There are two options to improve this. Either:
(1) Leave the loop largely as it is and prevent this slowdown, or
(2) (Preferable IMHO, if it is possible) Pass a list of images to TensorFlow for classification, and get back a list of results. This seems more efficient.
This is the code:
import tensorflow as tf
import numpy as np
import os,glob,cv2
import sys,argparse
import time
try:
inputdir = [redacted - insert input dir here]
for f in os.listdir(inputdir):
start_time = time.time()
filename = os.path.join(inputdir,f)
image_size=128
num_channels=3
images = []
image = cv2.imread(filename) # read image using OpenCV
# Resize image to desired size and preprocess exactly as done during training...
image = cv2.resize(image, (image_size, image_size),0,0, cv2.INTER_LINEAR)
images.append(image)
images = np.array(images, dtype=np.uint8)
images = images.astype('float32')
images = np.multiply(images, 1.0/255.0)
# The input to the network is of shape [None image_size image_size num_channels]. Hence we reshape.
x_batch = images.reshape(1, image_size,image_size,num_channels)
sess = tf.Session() # restore the saved model
saver = tf.train.import_meta_graph('dogs-cats-model.meta') # Step 1: Recreate the network graph. At this step only graph is created
saver.restore(sess, tf.train.latest_checkpoint('./')) # Step 2: Load the weights saved using the restore method
graph = tf.get_default_graph() # access the default graph which we have restored
# Now get hold of the op that we can be processed to get the output.
# In the original network y_pred is the tensor that is the prediction of the network
y_pred = graph.get_tensor_by_name("y_pred:0")
## Feed the images to the input placeholders...
x= graph.get_tensor_by_name("x:0")
y_true = graph.get_tensor_by_name("y_true:0")
y_test_images = np.zeros((1, 2))
# Create the feed_dict that is required to be fed to calculate y_pred...
feed_dict_testing = {x: x_batch, y_true: y_test_images}
result=sess.run(y_pred, feed_dict=feed_dict_testing)
# Note: result is a numpy.ndarray
print(f + '\t' + str(result) + ' ' + '%.2f' % (time.time()-start_time) + ' seconds')
# next image
except:
import traceback
tb = traceback.format_exc()
print(tb)
finally:
input() # keep window open until key is pressed
What I tried to do to modify the above was to create a list of filenames using...
images.append(image)
...and then taking the rest of the code out of the loop. However, this didn't work. It resulted in the following error:
ValueError: cannot reshape array of size 294912 into shape
(1,128,128,3)
At this line:
x_batch = images.reshape(1, image_size,image_size,num_channels)
Apparently this Reshape method doesn't work (as implemented, at least) on a list of images.
So my questions are:
What would causing the steady increase in image classification time that I have seen as images are iterated?
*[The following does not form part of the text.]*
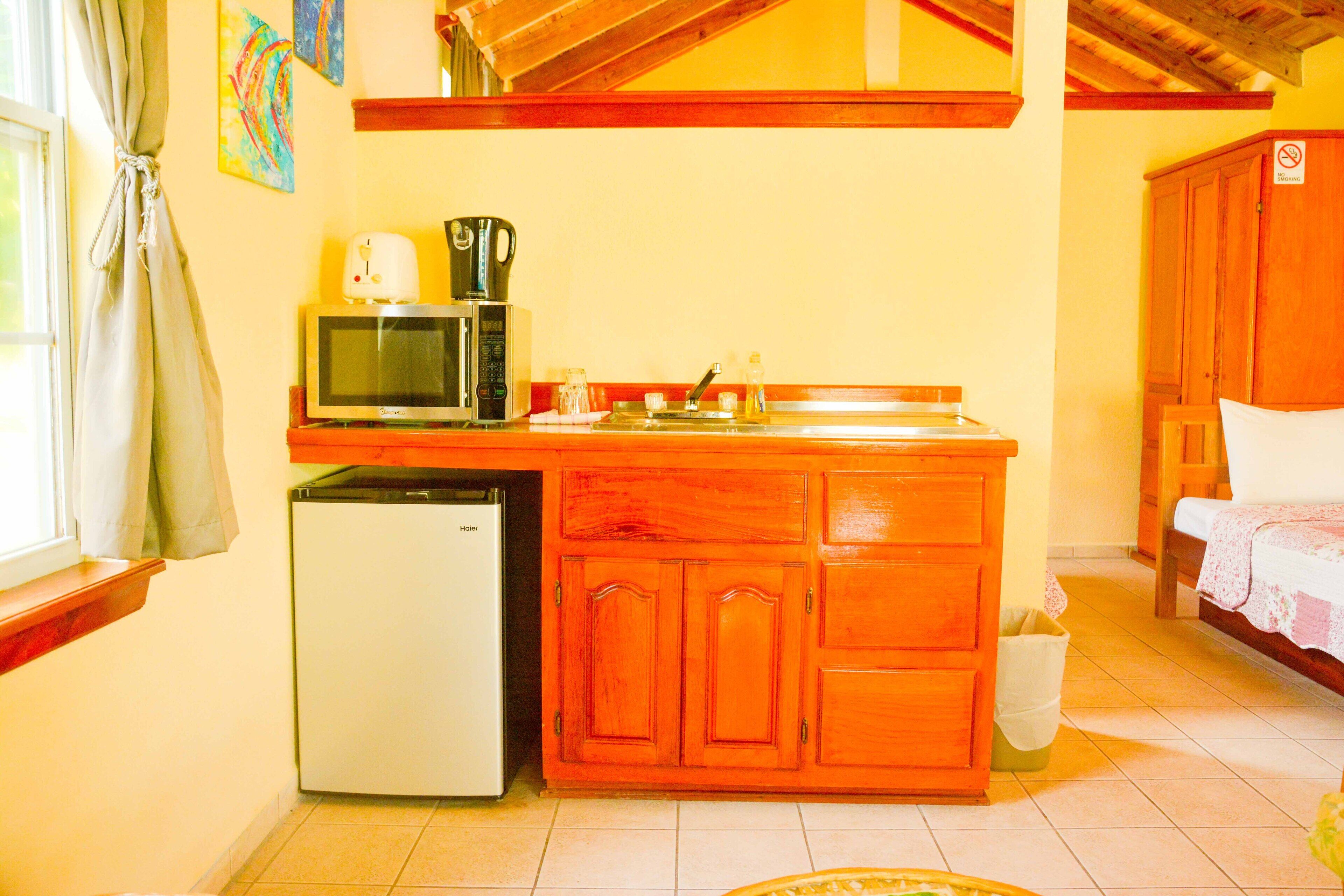 Una cocina compacta equipada con refrigerador, microondas y cafetera.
Can I perform classification on multiple images in one go, rather than one-by-one in a loop?
Thanks in advance.
Your issues:
1 a) The main reason why it is so slow is: You are re-creating the graph for every image.
1 b) The incremental overhead is coming from creating a new session every time without destroying the old session. The with syntax helps with that. e.g.:
with tf.Session(graph=tf.Graph()) as session:
# do something with the session
But that won't be a noticable issue after addressing a).
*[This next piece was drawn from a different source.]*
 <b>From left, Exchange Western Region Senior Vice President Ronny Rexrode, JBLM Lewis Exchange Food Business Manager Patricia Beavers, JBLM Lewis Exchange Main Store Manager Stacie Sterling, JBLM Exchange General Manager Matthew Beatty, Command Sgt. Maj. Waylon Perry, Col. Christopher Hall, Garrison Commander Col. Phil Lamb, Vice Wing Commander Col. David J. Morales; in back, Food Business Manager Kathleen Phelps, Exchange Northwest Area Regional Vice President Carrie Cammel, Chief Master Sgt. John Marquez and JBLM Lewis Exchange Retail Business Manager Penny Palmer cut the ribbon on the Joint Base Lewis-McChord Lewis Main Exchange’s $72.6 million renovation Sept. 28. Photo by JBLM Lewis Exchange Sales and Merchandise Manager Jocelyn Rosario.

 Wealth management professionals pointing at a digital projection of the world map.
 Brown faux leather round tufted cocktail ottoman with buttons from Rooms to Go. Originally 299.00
When thinking about the problem, one might realise which parts of your code depend on the image and which don't. The TensorFlow related part that is different per image is the call to session.run, feeding in the image. Everything else can be moved out of the loop.
2) You can also classify multiple images in one go. The first dimension of x_batch is the batch size. You are specifying one. But you may exhaust your memory resources trying to do that for a very large number of images.